### PROVIDED MATERIAL:
****************

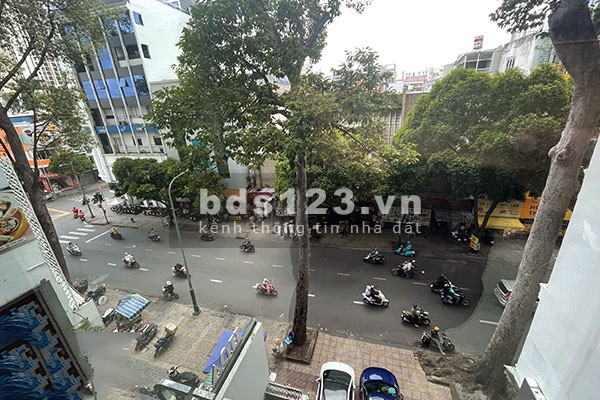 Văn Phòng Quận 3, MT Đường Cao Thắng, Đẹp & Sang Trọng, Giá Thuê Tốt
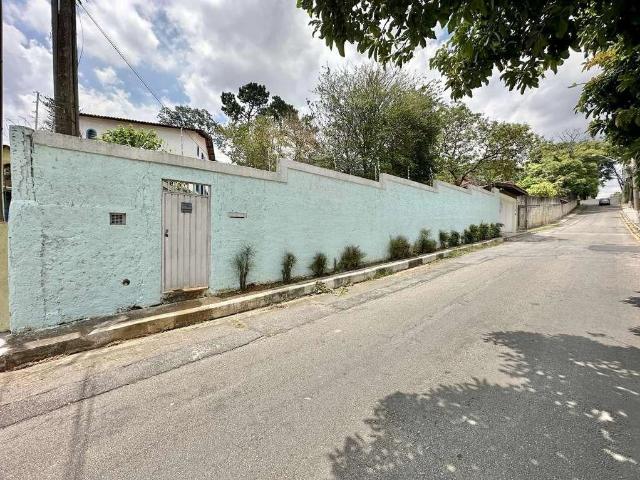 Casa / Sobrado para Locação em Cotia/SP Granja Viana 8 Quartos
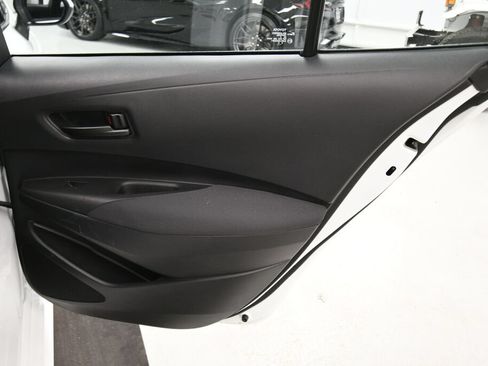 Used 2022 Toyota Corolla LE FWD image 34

****************

### TASK BRIEF:
Would you repeat each line of the listing exactly, skipping any picture?

### REPLY:
 Văn Phòng Quận 3, MT Đường Cao Thắng, Đẹp & Sang Trọng, Giá Thuê Tốt
 Casa / Sobrado para Locação em Cotia/SP Granja Viana 8 Quartos
 Used 2022 Toyota Corolla LE FWD image 34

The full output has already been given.